No entiendo, y me molestan, el coaching, las consultorías, los popes de la política, del marketing, de la comunicación,… que no son capaces de explicar a qué se dedican, pero que te cobran por decirte lo que tienes que hacer.

No puedo, lo confieso, con las explicaciones pseudojurídicas de recién ilustrados, a los que les acaban de pasar el argumentario. Por supuesto, me rechinan los tertulianos y las tertulianas generalistas, poco informados (es decir, de parte) y con nula visión periférica, ni siquiera lateral. Orejeras de burro permanentes.

Soy un simple. Más de cortar que de desatar. No me gusta que me líen o que intenten liarme. Te falta información, dicen. Pues dámela, contesto. Y añado, puto listo. Pues mira que en Madrid, anda que en Cataluña, más corruptos son los otros… Pesebreros. 

Pero sobre todo aborrezco a los que te conducen al abismo a sabiendas. A los que quieren y van a hacer daño. Daño a la convivencia, destrozo social, división cainita. A los que solo reconocen la legitimidad propia y dedican todos y cada uno de sus días a negar el derecho a la victoria del otro, sin detenerse a pensar por un minuto en algo más allá que sus propios, particulares y, por lo tanto, espurios intereses económicos o legales. De poder. 

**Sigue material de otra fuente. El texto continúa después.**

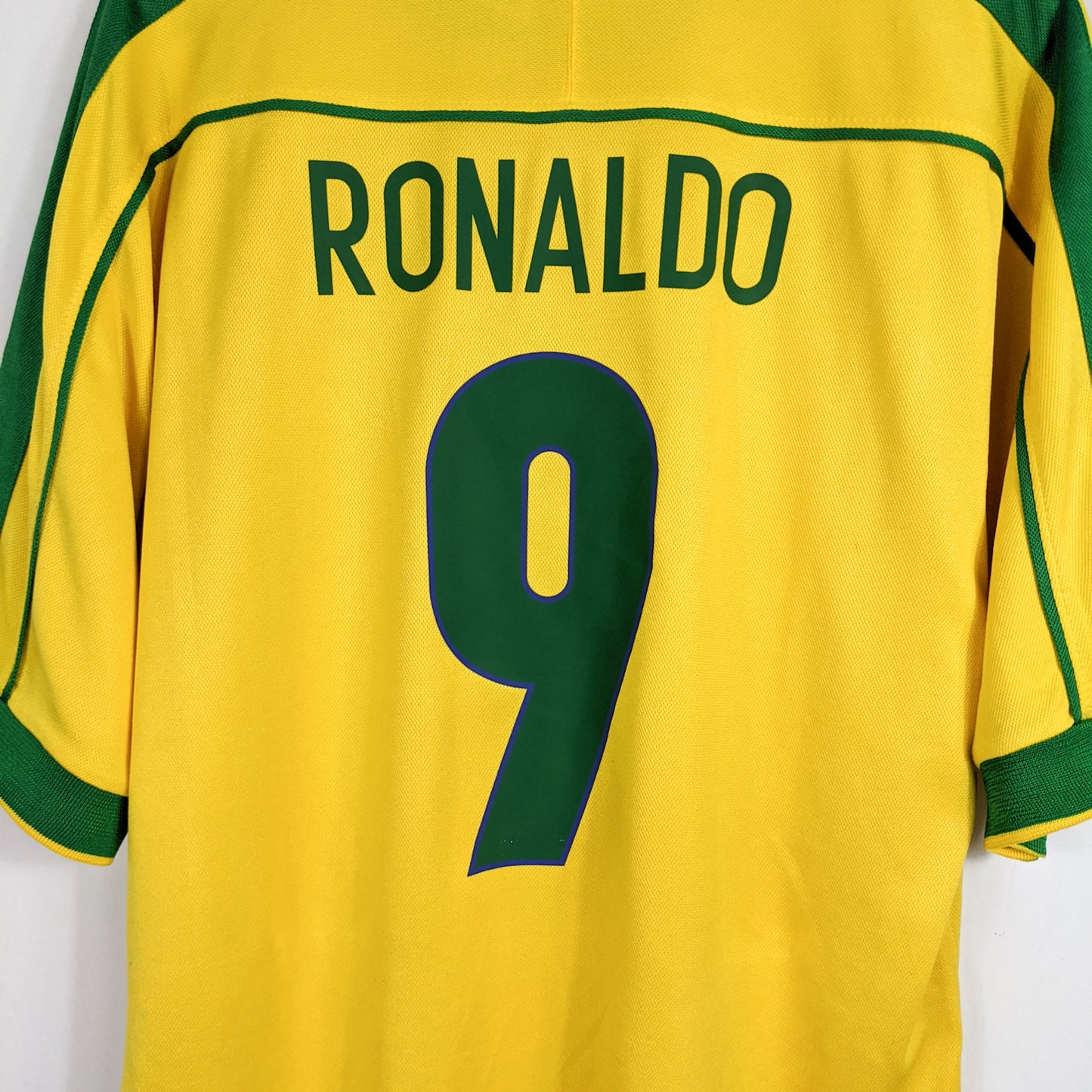 Authentic Brazil 1998 Home - Ronaldo #9 Size L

Nada de mirar el conjunto. Enfrentar. Cuanto más duro mejor. Género contra género. Comunidad contra comunidad. Paisano contra paisano. Caos, gritos, confusión. 

Les confesaré un truco. Cuando todo llega al momento soñado por estos profesionales del escándalo. Cuando ya no entiendo, aunque lea decenas de  sesudos análisis ultralegalistas, presuntamente, o superobjetivos, aunque menos, que no aclaran nada de nada. En ese momento cojo la falcata de Alejandro y corto el nudo.

Repaso mi experiencia vital, y los Acontecimientos, con mayúscula, que en ella sucedieron. Entonces me sitúo y decido. 

Mi madre fue una pequeña empresaria comercial que cuando empezó su actividad, a finales de los sesenta, debía de contar con la aprobación de mi padre para tener una cuenta bancaria y tomar decisiones empresariales. 

Mi padre, trabajador industrial, carecía de derecho a la  libre sindicación, porque solo había un sindicato franquista, en el que había que infiltrarse camuflado en organizaciones obreras de raíz cristiana, con riesgo de detención y de cárcel. 

No hablemos del resto de derechos que no tuvieron mis padres hasta pasados sus cuarenta años. Derecho al divorcio, al aborto, de votación y decisión, de ser electores o elegidos. A hablar o a callar.  Y no solo lo segundo. A que sus hijos y sus nietos tuvieran una sanidad y educación pública y universal, pagadas con los impuestos de todos. Y acceso a la Universidad. A disfrutar de una constitución y un estatuto de autonomía que garantiza cada día sus derechos.

Y cuando recuerdo todo esto -tengo que hacer un esfuerzo porque la mente humana siempre da por sentado lo que forma parte del paisaje-, miro las fotografías antiguas para saber dónde estuvo cada uno y cada cual. Y siempre faltan los mismos. Los privilegiados. Y los que trabajan para ellos.